March 18 (Bloomberg) -- Midland Holdings Ltd., the biggest realtor listed in Hong Kong, had its biggest drop in three weeks after saying the city’s property brokers may close as many as one-third of their branches.
Midland fell 4 percent, the most since Feb. 25, to HK$3.38 at the 4 p.m. close of trading. The shares have lost 8.7 percent this year, compared with a 2.5 percent decline in the benchmark Hang Seng Index.
Hong Kong’s property brokers may cut as many as a third of their branches and agents if government curbs on home prices continue, the company’s chief analyst Buggle Lau said in an interview yesterday.
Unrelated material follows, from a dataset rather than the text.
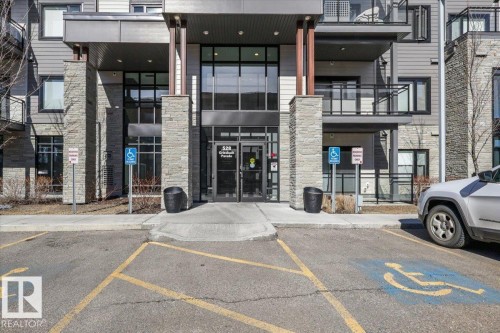The property features a modern exterior with stone and siding accents, a glass entrance, and balconies with glass railings - 214 528 Griesbach Parade Parade, Edmonton, AB - Outdoor With Balcony With Facade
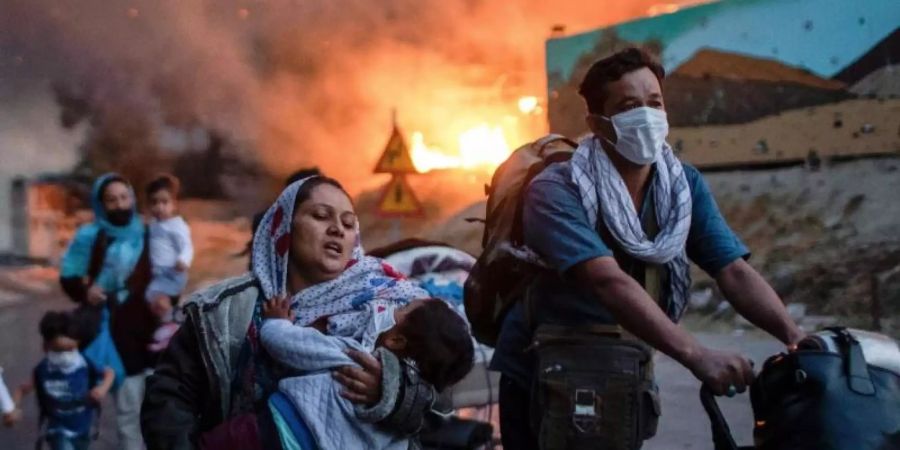 Bewohner des Flüchtlingslagers Moria fliehen vor den Flammen. Foto: Petros Giannakouris/AP/dpa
The city’s government has imposed a raft of measures, including a tax on foreign buyers and higher mortgage down-payment requirements, in the past six months to contain prices that have doubled since early 2009.
Midland had its rating cut to sell from neutral by Bocom International Holdings Co. analyst Alfred Lau. Property transaction volumes will decelerate because of government measures, Lau said in a note to clients today.
Only one transaction of existing homes was recorded in 10 of Hong Kong’s biggest private residential developments tracked by Centaline Property Agency Ltd. over the weekend of March 16 and 17, the realtor said.
About 12,000 agents could lose their jobs, said Lau. The comments were first made by Midland Deputy Chairman Angela Wong at a March 15 briefing, according to local media including the South China Morning Post.
Midland on March 15 reported 2012 net income nearly doubled to HK$250 million ($32 million) on higher commission fees.